We will furnish without charge to you, on written or oral request, a copy of all of the documents incorporated by reference, including exhibits to these documents. You should direct any request for documents to Beacon Power Corporation, Attention: Corporate Secretary, 234 Ballardvale Street, Wilmington, Massachusetts 01887.
You should rely only on the information incorporated by reference or provided in this prospectus or any prospectus supplement. We have not authorized anyone else to provide you with different information. You should not assume that the information in this prospectus or any prospectus supplement is accurate as of any date other than the date on the front page of those documents.
No dealer, salesperson or other person is authorized to give any information or to represent anything not contained in this prospectus. You must not rely on any unauthorized information or representations. This prospectus is an offer to sell only the shares offered hereby, but only under circumstances and in jurisdictions where it is lawful to do so. The information contained in this prospectus is current only as of its date.
No dealer, salesperson or other person is authorized to give any information or to represent anything not contained in this prospectus. You must not rely on any unauthorized information or representations.
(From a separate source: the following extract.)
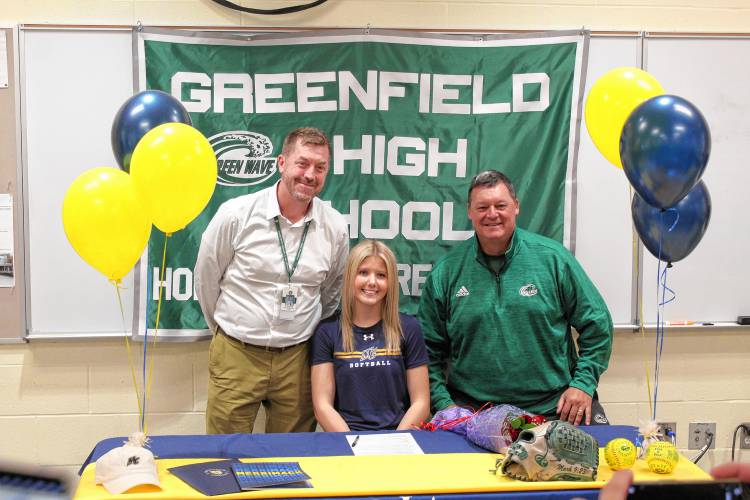 Greenfield’s MacKenzie Paulin with Greenfield principal Michael Browning (left) and Greenfield athletic director Mike Kuchieski (right) after signing her National Letter of Intent on Wednesday to play softball at Merrimack College next fall.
This prospectus is an offer to sell only the shares offered hereby, but only under circumstances and in jurisdictions where it is lawful to do so. The information contained in this prospectus is current only as of its date.
150,000 Shares
BEACON POWER CORPORATION
Common Stock
PROSPECTUS
, 2007
PART II
INFORMATION NOT REQUIRED IN PROSPECTUS
Item 14. Other Expenses of Issuance and Distribution
The following table sets forth an estimate of the fees and expenses payable by the registrant in connection with the registration of the common stock offered hereby, other than any commissions payable by the selling stockholder. All of such fees expenses, except for the Registration Fee, are estimated and shall be borne by the registrant:
Registration Fee—Securities and Exchange Commission | | $ | 6.08 | |
Accounting fees and expenses | | | 5,000 | |
Legal fees and expenses | | | 10,000 | |
Blue Sky fees and expenses | | | 3,500 | |
Printing fees and expenses | | | 4,000 | |
Miscellaneous expenses | | | 2,500 | |
Total | | $ | 25,006.08 | |
Item 15. Indemnification of Directors and Officers
Section 145 of the Delaware General Corporation Law provides, in effect, that any person made a party to any action by reason of the fact that he is or was serving as a director, officer, employee or other agent of a corporation, or in such a capacity with another entity at the request of the corporation, may and, in certain cases, must be indemnified by the Registrant against, in the case of a non-derivative action, judgments, fines, amounts paid in settlement and reasonable expenses (including attorneys' fees) incurred by him as a result of such action, and in the case of a derivative action, against reasonable expenses (including attorneys' fees), if in either type of action he acted in good faith and in a manner he reasonably believed to be in or not opposed to the Registrant's best interests. This indemnification does not apply, in a derivative action, to matters as to which it is adjudged that the director, officer, employee or other agent is liable to the Registrant, unless upon court order it is determined that, despite such adjudication of liability but in view of all the circumstances of the case, he is fairly and reasonably entitled to indemnity for expenses, and, in a non-derivative action, to any criminal proceeding in which such person had reasonable cause to believe his conduct was unlawful.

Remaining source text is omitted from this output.